Improve handling of very large folders
Right now very large folders show 2 different issues in the localsearch-3
indexer process on first-time index:
- We try to handle folders more or less as an unitary thing, which means we queue up the whole bunch of newly discovered files in memory before it is flushed and converted to TrackerResource and database ops. This is one of two identified sources of unbound memory growth (dependent on the filesystem layout) in the indexer process.
- Even though folders are processed that way, the operations are not flushed to the database in a single batch. If something awry happened in the middle of this processing (interruption, process crash), and due to the ordering of our inserted data, we may end up with situations that a folder is detected as up-to-date and not crawled on next restart despite missing children.
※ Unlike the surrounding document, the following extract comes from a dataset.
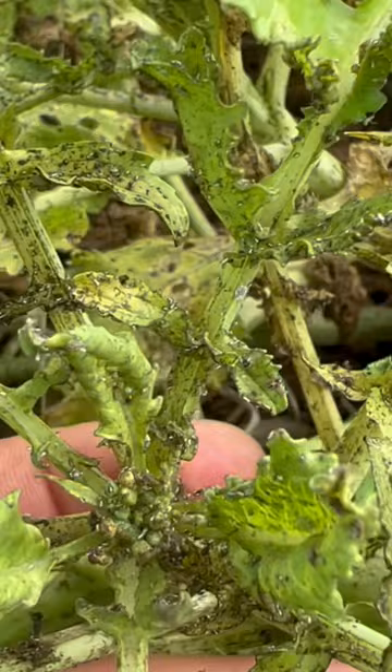I almost gave up for a while growing any kind of brassicas or anything that aphids like to eat, until I built one of these.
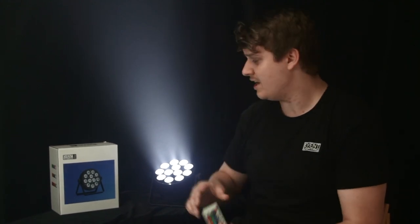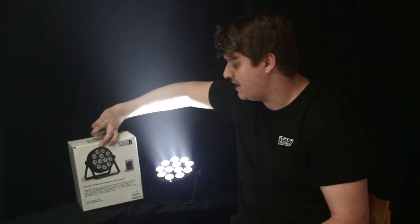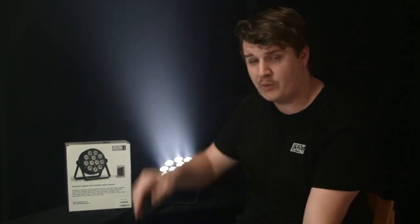It comes with an IR remote control and retail packaging with information on the back, which is great for showrooms. We also sell a separate bag which will hold 4 units with clamps on.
This situation would eventually self-correct but would be nice not to have in the first place.
This MR changes the processing of folders, so that:
- Handling of folders in TrackerFileNotifier is split in chunks, integrated with the "high water" mechanisms we have in place to limit memory usage.
- The TrackerResource/RDF data is inserted in an order that folders will not be seen on next restart as up-to-date until they have been fully processed (i.e. the last related batch was committed to the database). This was done through a new "finish directory" step, that required the folder processing order to change from a breadth-first approach to a depth-first one so folders are finished as soon as possible, keeping the minimum possible in memory at a time.
In short, these changes make memory usage flatter, and make the indexer more resilient to crashes and outages.